Thursday, October 4, 2007

Tomorrow (from the soundtrack to Annie)

My friend Amy sent the link to the video above - it seemed to provide the perfect counterpoint to my thoughts below.

I've not yet spoken of my middle child Robby, whose birthday is in December (the time is coming) - however, I'm very proud of all three of my children (19, soon-to-be 23, 26). They are kind, respectful, patient, funny, thoughtful and wise - I've raised them with The Kite Theory (learned during a seven-week parenting seminar when Sarah was in middle school) and The Golden Rule, and I think those two flexible tenets have provided a healthy balance of incremental freedom and empathetic connection. Of course, I've also absorbed much along the way, about role modeling and interpersonal relationships and expectations - I may have mentioned this before... but I love the line in Anne Tyler's Dinner at the Homesick Restaurant when one of the characters states there is no statute of limitations on motherhood (in a good way, Martha... :-)
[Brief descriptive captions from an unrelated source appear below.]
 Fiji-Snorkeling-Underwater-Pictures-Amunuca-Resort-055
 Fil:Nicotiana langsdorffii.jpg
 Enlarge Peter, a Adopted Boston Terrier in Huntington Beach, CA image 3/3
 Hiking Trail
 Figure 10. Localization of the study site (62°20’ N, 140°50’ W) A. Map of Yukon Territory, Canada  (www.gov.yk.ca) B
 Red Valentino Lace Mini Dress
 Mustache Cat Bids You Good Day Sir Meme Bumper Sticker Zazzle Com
I sometimes miss my children in the young and innocent phase (when they still thought I hung the moon... sigh) - the smell of baby powder, feeling little arms encircling my neck, hearing a sweet voice call my name are memories never to be forgotten. However, I'm proud and pleased of who they are now, and hope I can humbly take a bit of credit for a fraction of the in-constant-formation young adult - they need me less but they love me with more understanding...

If I hadn't already used Dar's The One Who Knows, it would be today's song - the "I'll take you to the mountains, I will take you to the sea" lyric perfectly illustrates the last two lines of the poem...

SONG: Tomorrow from the soundtrack to Annie

BOOK: The Chronicles of Narnia by C. S. Lewis

POEM: Things You Didn't Put On Your Resumé by Joyce Sutphen

How often you got up in the middle of the night
when one of your children had a bad dream,

and sometimes you woke because you thought
you heard a cry but they were all sleeping,

so you stood in the moonlight just listening
to their breathing, and you didn't mention

that you were an expert at putting toothpaste
on tiny toothbrushes and bending down to wiggle

the toothbrush ten times on each tooth while
you sang the words to songs from Annie, and

who would suspect that you know the fingerings
to the songs in the first four books of the Suzuki

Violin Method and that you can do the voices
of Pooh and Piglet especially well, though

your absolute favorite thing to read out loud is
Bedtime for Frances and that you picked

up your way of reading it from Glynnis Johns,
and it is, now that you think of it, rather impressive

that you read all of Narnia and all of the Ring Trilogy
(and others too many to mention here) to them

before they went to bed and on the way out to
Yellowstone, which is another thing you don't put

on the resumé: how you took them to the ocean
and the mountains and brought them safely home.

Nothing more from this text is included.